# Batch Processing

## Objectives:
- Understand batch processing and why it is used
- Explore batch processing in Python with `joblib` library
- Create batch ETL pipeline to update model and dashboard

## What is Batch Processing

### Definition
- Jobs that can run without end user interaction, or can be scheduled to run as resources permit
- Used for running high-volume, repetitive data jobs
- Batch processing works in an **automated** way based on a **scheduler**

More useful introductory discussion [here](https://www.talend.com/resources/batch-processing/).

#### Batch vs Stream

![img](https://res.cloudinary.com/hevo/images/f_auto,q_auto/v1649315584/hevo-learn/Batch-Processing-Batch-Processing-vs-Stream-Processing/Batch-Processing-Batch-Processing-vs-Stream-Processing.png?_i=AA)

(Source: https://hevodata.com/learn/batch-processing/.)

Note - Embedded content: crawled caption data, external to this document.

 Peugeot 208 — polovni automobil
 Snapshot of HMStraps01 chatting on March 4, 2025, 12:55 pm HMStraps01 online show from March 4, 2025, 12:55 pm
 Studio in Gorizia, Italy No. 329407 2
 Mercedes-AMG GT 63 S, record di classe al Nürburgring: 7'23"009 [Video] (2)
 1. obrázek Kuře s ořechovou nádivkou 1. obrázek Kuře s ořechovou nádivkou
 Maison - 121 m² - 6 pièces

Batch processing is to be contrasted with serial or *stream* processing. Stream processing is critical when you need real-time updating of data reports or analyses. But if you are processing large chunks of data, it can be better to process it in batches.

### Batch size
The batch size refers to the number of work units to be processed within one batch operation. Some examples are:

- The number of lines from a file to load into a database before committing the transaction.
- The number of messages to dequeue from a queue.
- The number of requests to send within one payload.

### Common batch processing usage

- Efficient bulk database updates and automated transaction processing, as contrasted to interactive online transaction processing (OLTP) applications.
- The extract, transform, load (ETL) step in populating data warehouses is inherently a batch process in most implementations.
- Performing bulk operations on digital images such as resizing, conversion, watermarking, or otherwise editing a group of image files.
- Converting computer files from one format to another. For example, a batch job may convert proprietary and legacy files to common standard formats for end-user queries and display.

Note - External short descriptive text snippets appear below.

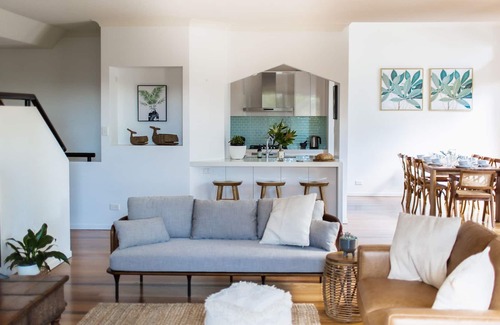 Currumbin House | RETREAT Amongst the Trees, Close to Beach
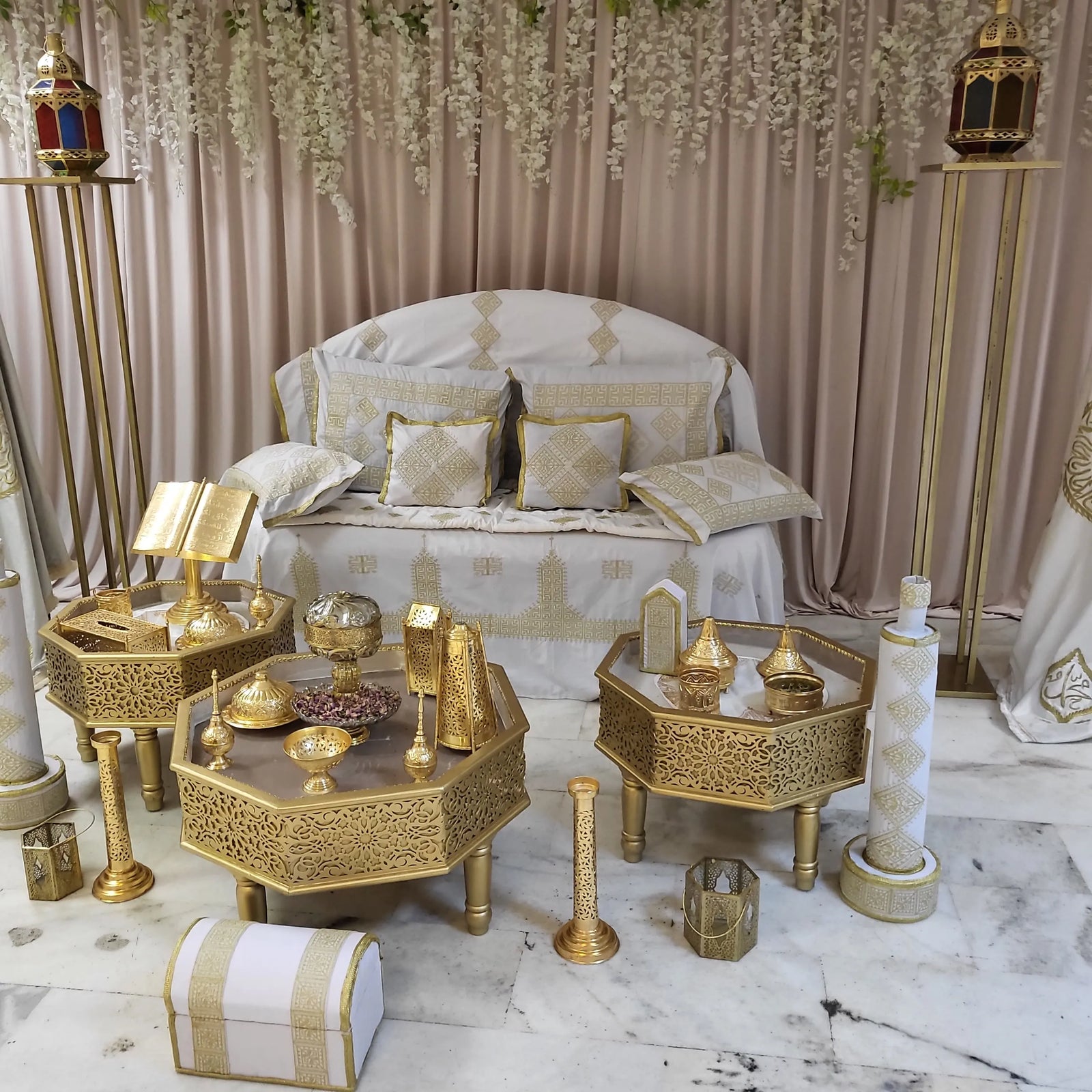 Décors blanche traditionnelle 2024 VENDU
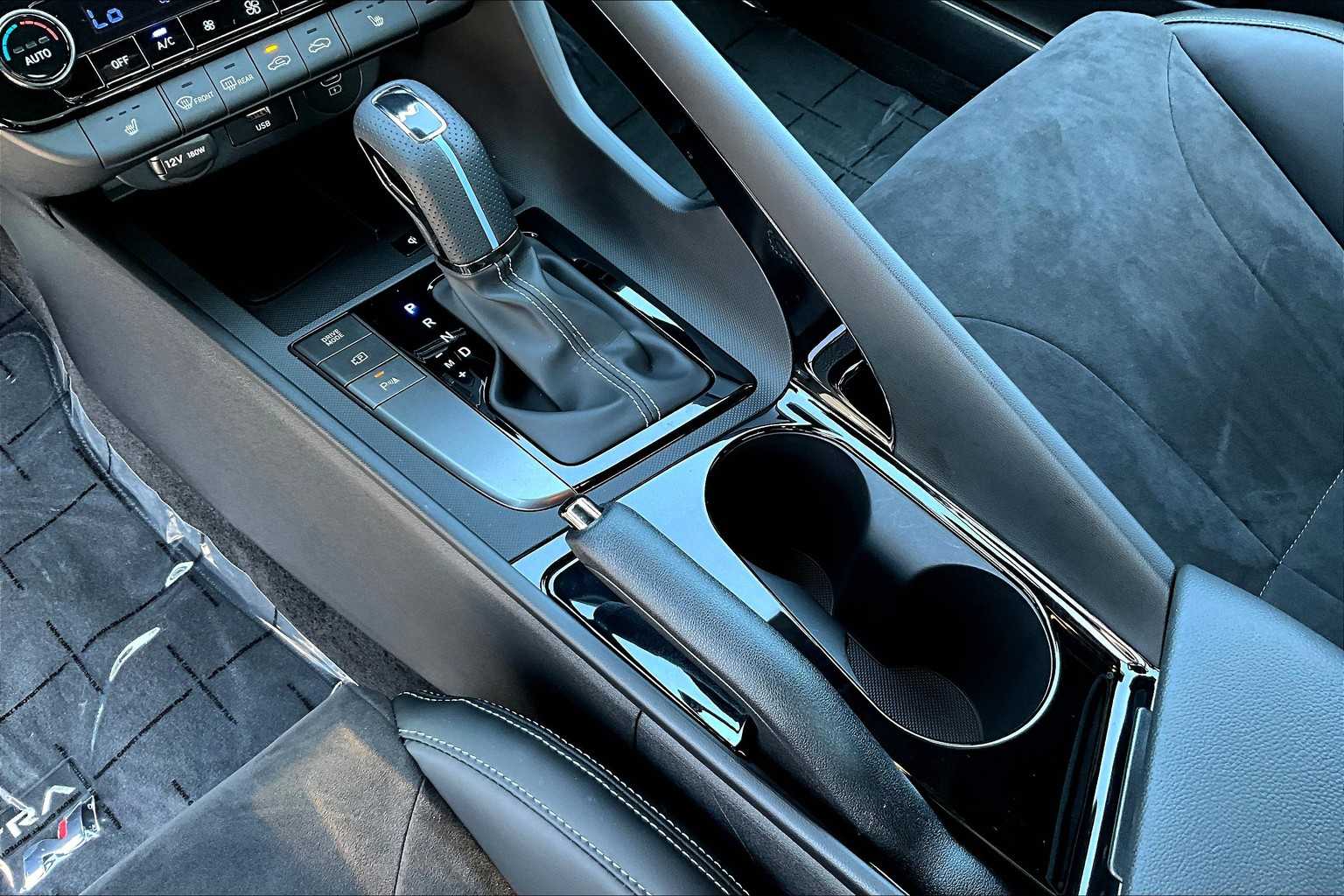 Thumbnail: 2025 Hyundai Elantra - 16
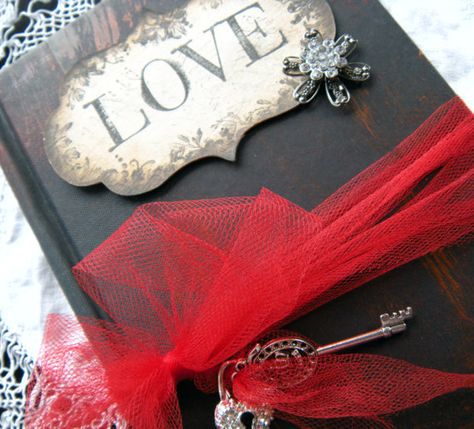 Gothic Wedding Guest Book shabby chic style crimson ruby vintage style Vintage Wedding Ceremony Decorations, Vintage Wedding Ceremony, Shabby Chic Cakes, Rock Wedding, Goth Wedding, Dark Wedding, Book Vintage, Shabby Chic Wedding, Wedding Scrapbook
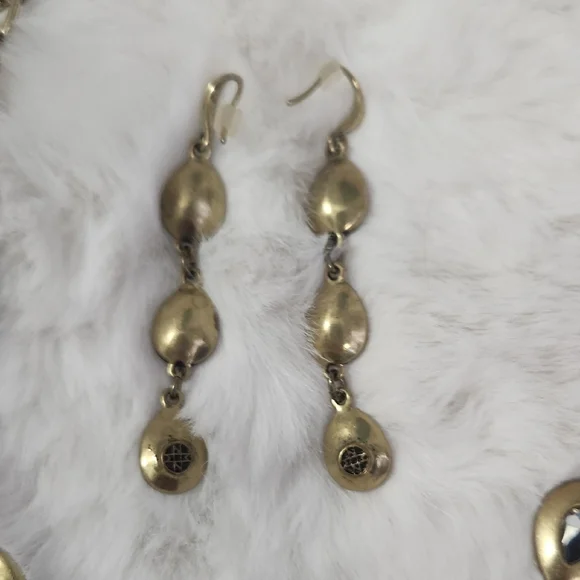 Nicole Miller Iridescent Necklace and Earring Set - Picture 6 of 7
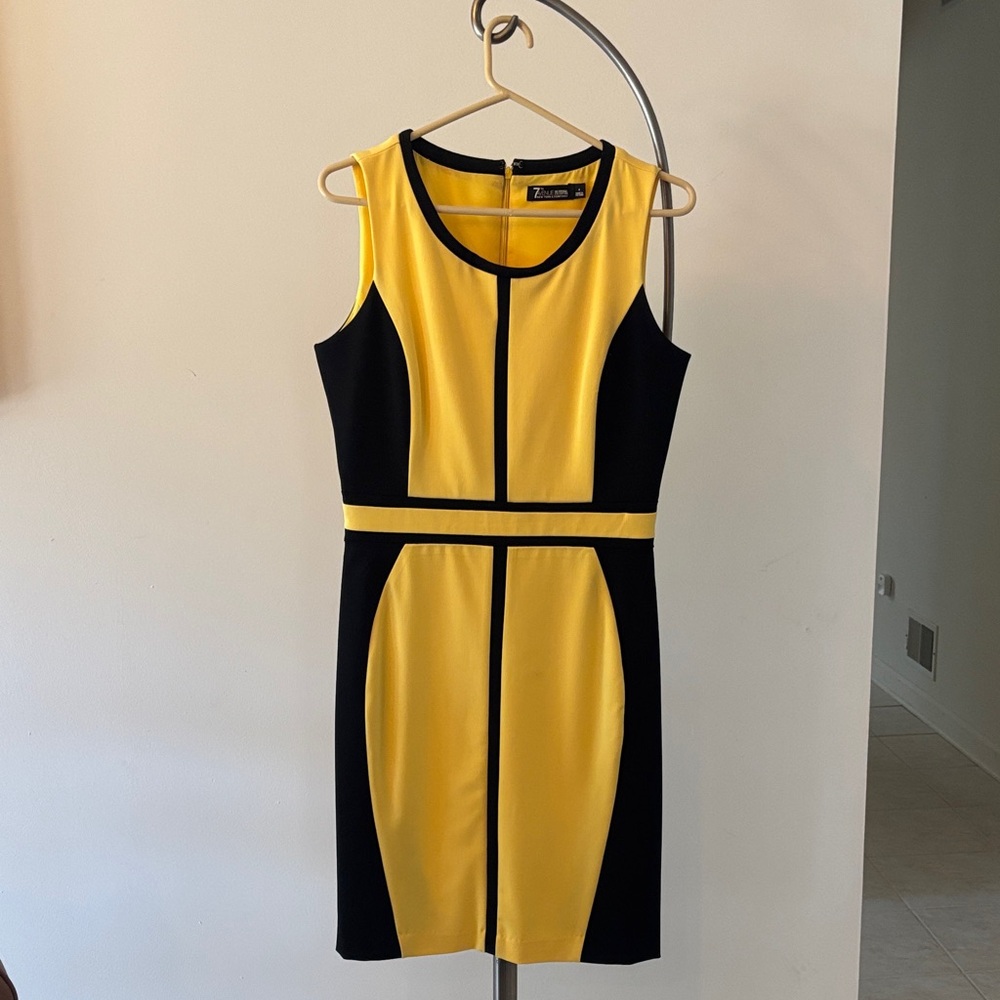 Chic Colorblock Cocktail Dress in Black and Yellow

(Source: https://en.wikipedia.org/wiki/Batch_processing.)

In [1]:
# Import Packages
import sqlite3
import time
from joblib import Parallel, delayed, Memory
from tqdm import tqdm

import numpy as np
import pandas as pd
import matplotlib.pyplot as plt
import seaborn as sns
from prophet import Prophet



## Today's Agenda

Today we will be exploring batch processing through two examples:

1. Use Python's `joblib` package
1. Create simple batch ETL pipeline to continuously update a model and deploy to dashboard.

## `joblib`

### Advantages

- Disk Caching of Functions & Lazy Re-Evaluation

Cache the results of expensive function calls for later use. Useful during pipeline development.

- Parallel Computing

Execute multiple operations at the same time.

### Caching of Functions

In [2]:
result = []

# Getting the square of the number:
def square_number(no):
    return (no*no)

# Function to compute square of a range of a number:
def get_square_range(start_no, end_no):
    for i in np.arange(start_no, end_no):
        time.sleep(1)
        result.append(square_number(i))
    return result

start = time.time()
# Getting square of 1 to 20:
final_result = get_square_range(1, 21)
end = time.time()

# Total time to compute
print('\nThe function took {:.2f} s to compute.'.format(end - start))
print(final_result)


The function took 20.08 s to compute.
[1, 4, 9, 16, 25, 36, 49, 64, 81, 100, 121, 144, 169, 196, 225, 256, 289, 324, 361, 400]


In [8]:
# COMPLETE: Define a location to store cache
location = '/Library/caches'
memory = Memory(location, verbose=0)

result = []

# Function to compute square of a range of a number:
def get_square_range_cached(start_no, end_no):
    for i in np.arange(start_no, end_no):
        time.sleep(1)
        result.append(square_number(i))
    return result

# COMPLETE: Cash results of function
get_square_range_cached = memory.cache(get_square_range_cached)

start = time.time()
# Getting square of 1 to 20:
final_result = get_square_range_cached(20, 41)
end = time.time()

# Total time to compute
print('\nThe function took {:.2f} s to compute.'.format(end - start))
print(final_result)


The function took 21.08 s to compute.
[400, 441, 484, 529, 576, 625, 676, 729, 784, 841, 900, 961, 1024, 1089, 1156, 1225, 1296, 1369, 1444, 1521, 1600]


In [9]:
start = time.time()
# Getting square of 1 to 20:
final_result = get_square_range_cached(20, 41)
end = time.time()

print('\nThe function took {:.2f} s to compute.'.format(end - start))
print(final_result)


The function took 0.00 s to compute.
[400, 441, 484, 529, 576, 625, 676, 729, 784, 841, 900, 961, 1024, 1089, 1156, 1225, 1296, 1369, 1444, 1521, 1600]


### Parallelizing

The function below is based on the following mathematical theorem:

$\large\frac{\pi}{4} = 1 - \frac{1}{3} + \frac{1}{5} - \frac{1}{7} + \frac{1}{9} - ... = lim_{n\rightarrow\infty}\sum^n_{j=0}\frac{(-1)^j}{2j+1}$

In [10]:
def batch_process_function(row, order, payload):
    """
    Simulate process function
    
    Row and payload are ignored.
    
    Approximate pi
    """
    k, pi = 1, 0
    for i in range(10**order):
        if i % 2 == 0: # even
            pi += 4 / k
        else:  # odd 
            pi -= 4 / k 
        k += 2
    return pi

In [11]:
# Settings
order = 6
N = 1000
items = range(N)

#### Serial

In [12]:
%%time

result = [batch_process_function(row, order, None) for row in items]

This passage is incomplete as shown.